On Sun, 14 Mar 1999 08:44:36 -0600 "Roy Koeppe" <royanjoy@ncn.net>
writes:
>
>A question I have is : Is there a problem with too much of a good
>thing?
>I wind my chokes so that no resonances fall within a desired
>operating
>frequency. The belief is that it contributes to stability by not
>having
>another potential tuned circuit to deal with.
>Guess I'm of the old school that remembers putting a resistor across
>a
>choke to de- Q it without really examining the reason.

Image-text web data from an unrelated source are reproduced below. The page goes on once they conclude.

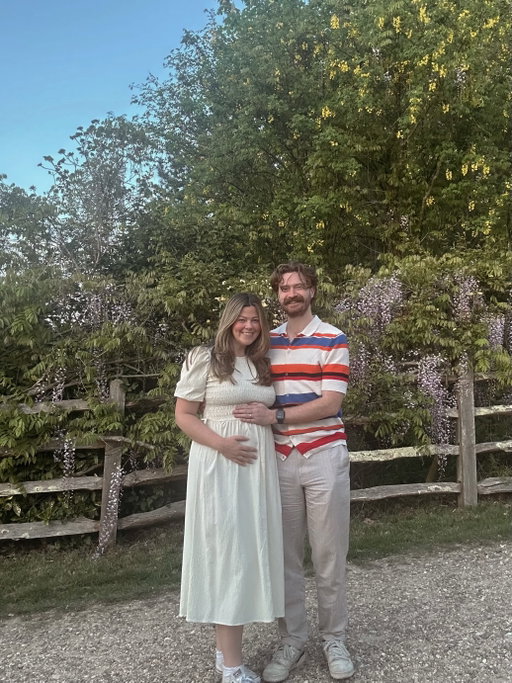 Celebrated our first wedding anniversary (paper!) with perfect village donkeys, perfect chilli margarita mocktails and perfect School of Rock 🗞️💍🎞️👰🏼‍♀️🤍

1. family photo 🥰
2. maternity wardrobe view final boss
3. wild baby foal 🥹
4. trying to learn how to pose with a bump
5. @the_pig_hotels in the new forest, absolute dream
6. truly some of the best meals we’ve ever had
7. adventuring 🌳
8 + 9. made some snuffly pals 🐽 
10. putting the mocktail menu to the test
11. unsure
12 + 13. turned the corner on our coffee hunt and found donkeys!
14. very excited for the pickle plate
15. sunset farm stroll
16. look what I grew 🌱
17. let’s rock let’s rock today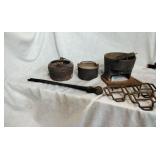 VintagecCast iron Kettles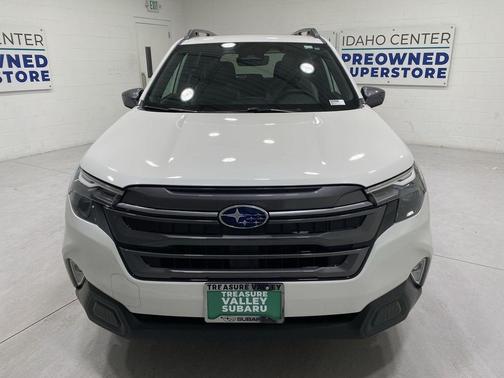 Crystal White Pearl 2026 Subaru Forester Premium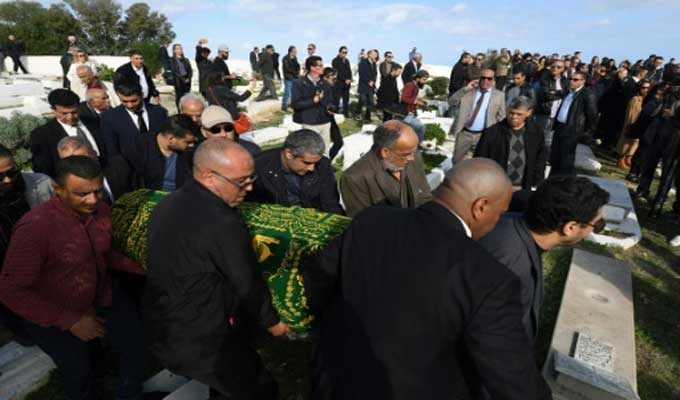 Tunisie: Ezzedine Alaia enterré dans la discrétion, à l’image du grand couturier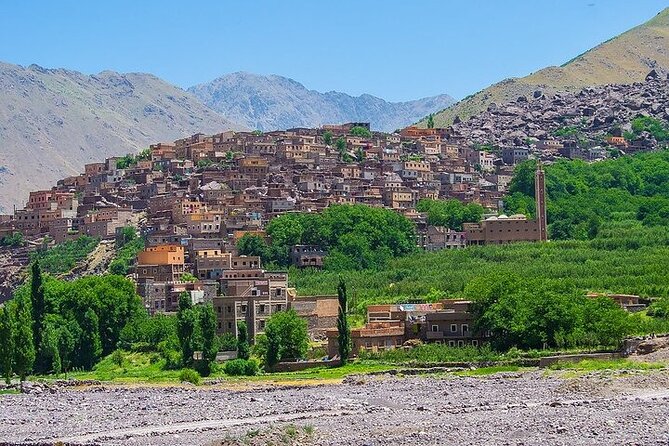 High Atlas & Desert Agafay Day Trip With a Guide - Guide Expertise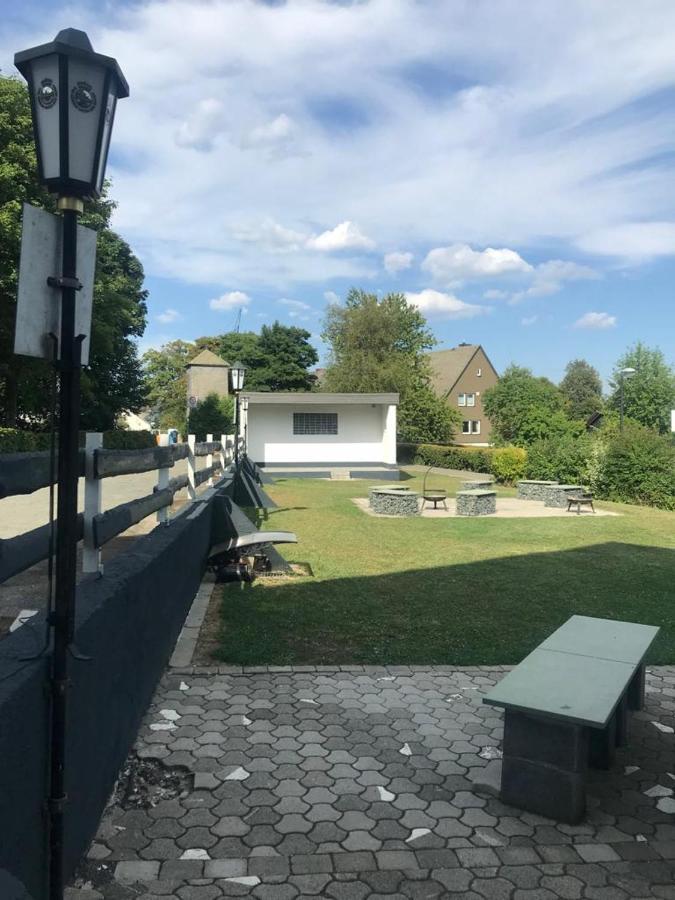 Haus Astenblick In Winterberg Fuer Bis Zu 35 Personen Fuer Wanderveranstaltungen Und Familienfeiern エクステリア 写真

>I have noted that in a 6M amp, when I place the series resonance
>around
>70MHz the amp is extremely easy to tame. That is not the case when
>the
>resonance is around 50MHz. Something to do with poor input to output
>isolation in a GG amp ??
>
>Hi Carl; you wrote the above (and I'm sure you meant to say PARALLEL
>resonances in the above),
Thats what happens when you get interrupted while typing. I had meant to
say placing the series resonance above 70MHz in one instance and then
another design had the parallel resonance at 50MHz which was not entirely
stable until I moved that above 60MHz.
The final design took some juggling around since I also had to worry
about second harmonic RF and series resonance.
>
>Well, when a choke is resonant ABOVE the operating frequency, I too
>notice
>things go easier. I'm used to that condition on 160M, where a
>self-parallel-resonant choke, an inch in diameter requires about 350
>turns!
>So in this case I went for a parallel resonance closer to 80M or
>even
>above. (For the reasons you listed in an earlier post--difficulties on
>the
>higher bands with many turns). With the resonance above F-Op, the
>choke
>reflects what I have heard called, "negative inductive reactance" into
>the
>tank circuit. It has that familiar effect of canceling some of the
>capacity
>of C1, forcing us to increase the value of C1 higher than predicted.
>More
>circulating current also flows in the choke winding.
>
>Now, when the choke's fundamental resonance is right on F-Op, no
>reactance
>is reflected in, and the choke's Z is very high indeed. I'm doing this
>on
>80M. But, the same choke on 40M reflects "negative capacitive
>reactance"
>into the tank, causing C1 to be smaller than predicted, and again
>some
>additional circulating current flows in the choke. All this tested by
>dipping, and on the air. (This amp now covers only 80M at present,
>purist
>style). Above 40M a series resonant mode happens, so this
>single-segment
>choke is not for multi-band use at all.
>
>About your instability situation, the type of reactance your tank
>"sees"
>with the 50 mHz or the 70 mHz resonance inserted, must be influenced
>in
>much the same manner as if you placed a small shunt cap across the
>choke to
>ground, or did not do so. The reactance of the higher-resonace choke
>must
>counteract some other undesireable VHF resonance, maybe? That's all I
>can
>come up with, but it's fun imagining :-)
I havent heard anyone comment on the Drake choke designs which have a
fixed C across the upper half of the choke. I should see if I still have
one of those chokes in the junk box and run some tests. The L-4B for
instance covered 6.5 to 30MHz continuous and was/is very popular in
foreign embassy service. I believe the L-7 used the same choke.